Separating out the first two cases, in which $x > x_i$, from the third case, in which $x \le x_i$, we get

$$ \begin{aligned} f(y) - f(x) & = \sum_{i = 1}^n w_i(|y - x_i| - |x - x_i|) \\ & \ge \sum_{x > x_i} w_i(y - x) + \sum_{x \ge x_i} w_i(x - y) \\ & = (x - y) \Bigg(\sum_{x \le x_i} w_i - \sum_{x > x_i} w_i \Bigg). \end{aligned} $$

The property that $sum_{x_i > x} w_i \le 1 / 2$ implies that $\sum_{x \le x_i} w_i > 1 / 2$. This fact, combined with $x - y > 0$ and $\sum_{x > x_i} w_i < 1 / 2$, yields that $f(y) - f(x) > 0$.

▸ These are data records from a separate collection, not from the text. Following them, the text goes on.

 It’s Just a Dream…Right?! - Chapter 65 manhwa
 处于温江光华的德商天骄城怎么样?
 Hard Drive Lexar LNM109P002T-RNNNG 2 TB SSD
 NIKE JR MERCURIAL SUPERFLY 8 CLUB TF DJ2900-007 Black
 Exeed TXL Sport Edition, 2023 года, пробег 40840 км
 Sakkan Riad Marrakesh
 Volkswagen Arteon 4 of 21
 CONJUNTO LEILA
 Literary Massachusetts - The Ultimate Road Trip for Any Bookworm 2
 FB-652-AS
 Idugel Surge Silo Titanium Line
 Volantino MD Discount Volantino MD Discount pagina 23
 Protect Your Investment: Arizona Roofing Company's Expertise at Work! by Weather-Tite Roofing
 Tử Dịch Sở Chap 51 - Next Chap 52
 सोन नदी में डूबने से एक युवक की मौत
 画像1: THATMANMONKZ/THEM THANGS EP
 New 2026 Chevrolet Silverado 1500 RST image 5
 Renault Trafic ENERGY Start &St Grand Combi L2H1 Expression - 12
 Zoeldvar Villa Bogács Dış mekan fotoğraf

**e.** We are given $n$ $2$-dimensional points $p_1, p_2, \ldots, p_n$, where each $p_i$ is a pair of real numbers $p_i = (x_i, y_i)$, and positive weights $w_1, w_2, \ldots, w_n$. The goal is to find a point $p = (x, y)$ that minimizes the sum

$$f(x, y) = \sum_{i = 1}^n w_i(|x - x_i| + |y - y_i|).$$

We can express the cost function of the two variables, $f(x, y)$, as the sum of two functions of one variable each: $f(x, y) = g(x) + h(y)$, where $g(x) = \sum_{i = 1}^n w_i |x - x_i|$, and $h(y) = \sum_{i = 1}^n w_i |y - y_i|$. The goal of finding a point $p = (x, y)$ that minimizes the value of $f(x, y)$ can be achieved by treating each dimension independently, because $g$ does not depend on $y$ and $h$ does not depend on $x$. Thus,

$$ \begin{aligned} \min_{x, y} f(x, y) & = \min_{x, y} (g(x) + h(y)) \\ & = \min_x \Big(\min_y(g(x) + h(y))\Big) \\ & = \min_x \Big(g(x) + \min_y h(y)\Big) \\ & = \min_x g(x) + \min_y h(y). \end{aligned} $$

Consequently, finding the best location in $2$ dimensions can be done by finding the weighted median $x_k$ of the $x$-coordinates and then finding the weighted median $y_j$ of the $y$-coordinates. The point $(x_k, y_j)$ is an optimal solution for the $2$-dimensional post-office location problem.